DATA SECTION:
────

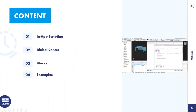Let me first introduce the content of today's webinar. I will be explaining three topics related to each other. The first topic is in-app scripting, which is a direct interaction interface with the model — I'll explain the benefits, application areas, and how to access the source code. The second topic is Dolubal Center, a standalone application for organizing projects, models, templates, and blocks.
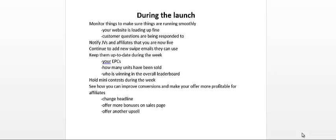You could also hold more mini contests during the week, especially if your offer is converting and you're generating a lot of cash and profits in your launch. You can afford to hold more mini contests throughout the week.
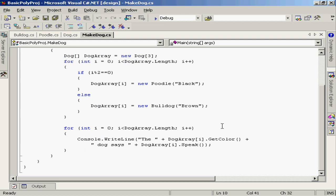Then what I want to do is go through that array again. I'm going to loop through every single element of that array, and I'm going to make that dog speak. I've used the dog array element and called the getColor method. Remember that the getColor method is actually inherited from the base class dog. So that will return the color, either black or brown.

────

PROBLEM STATEMENT: Leaving the pictures aside, transcribe the entire listing exactly.

ANSWER AREA:
Let me first introduce the content of today's webinar. I will be explaining three topics related to each other. The first topic is in-app scripting, which is a direct interaction interface with the model — I'll explain the benefits, application areas, and how to access the source code. The second topic is Dolubal Center, a standalone application for organizing projects, models, templates, and blocks.
You could also hold more mini contests during the week, especially if your offer is converting and you're generating a lot of cash and profits in your launch. You can afford to hold more mini contests throughout the week.
Then what I want to do is go through that array again. I'm going to loop through every single element of that array, and I'm going to make that dog speak. I've used the dog array element and called the getColor method. Remember that the getColor method is actually inherited from the base class dog. So that will return the color, either black or brown.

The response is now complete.